TASK GOAL - Starting at the line with "Вилочный дизельный погрузчик EP CPCD50T8-X" and going on through the line with "MEZCAL CASAMIGOS JOVEN 70 CL.", reproduce each line in the records below exactly and nothing more.

ENTRIES SHOWN -

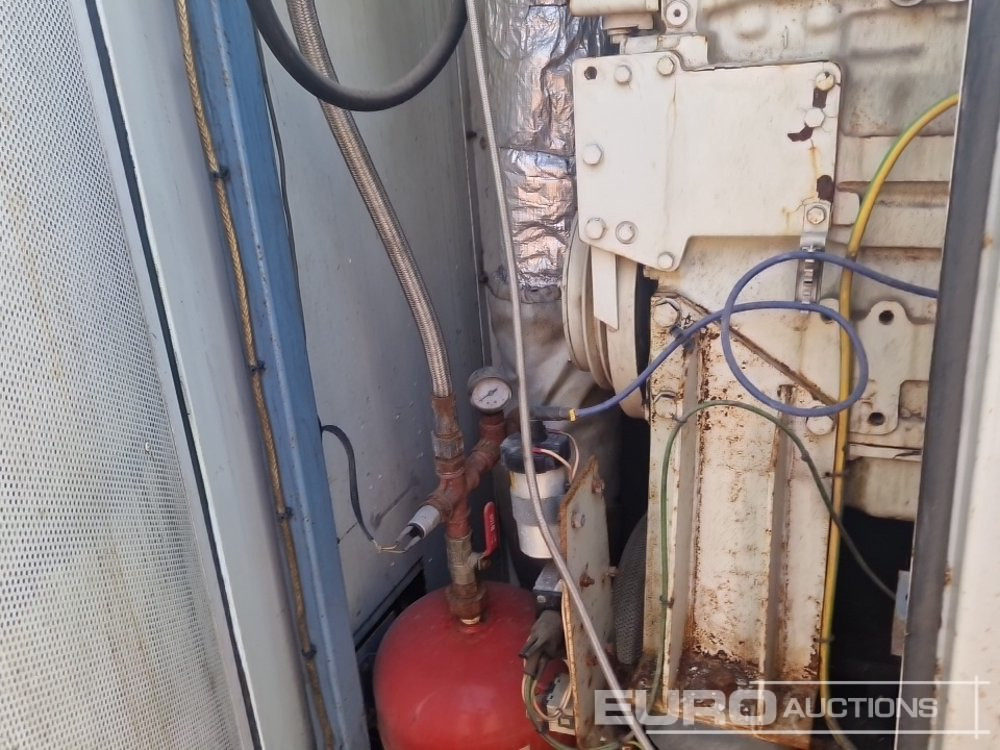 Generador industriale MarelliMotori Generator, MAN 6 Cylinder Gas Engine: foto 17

==

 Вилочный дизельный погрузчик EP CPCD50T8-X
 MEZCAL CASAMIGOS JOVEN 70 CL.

---

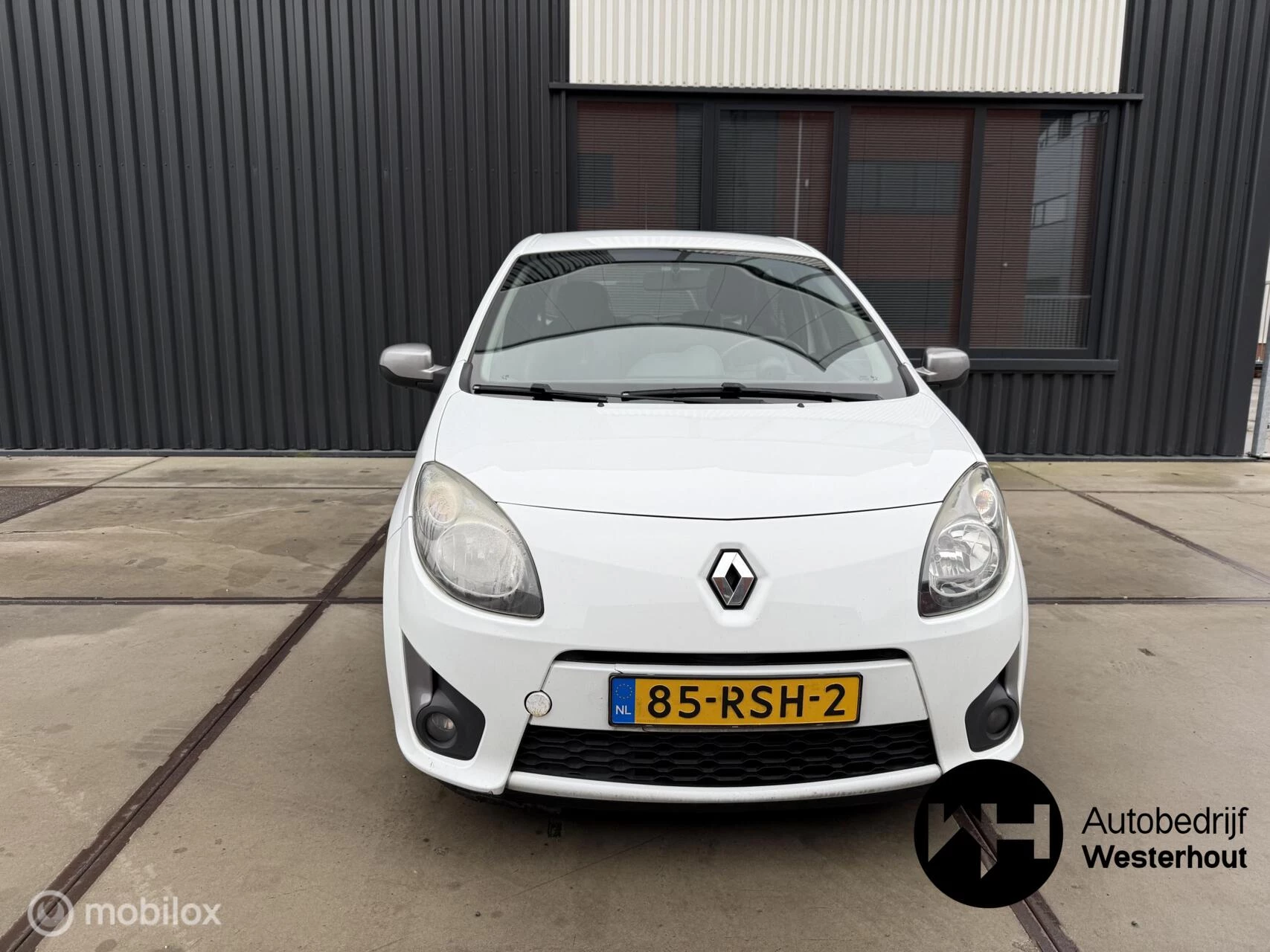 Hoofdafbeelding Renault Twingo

YOUR SOLUTION -
 Вилочный дизельный погрузчик EP CPCD50T8-X
 MEZCAL CASAMIGOS JOVEN 70 CL.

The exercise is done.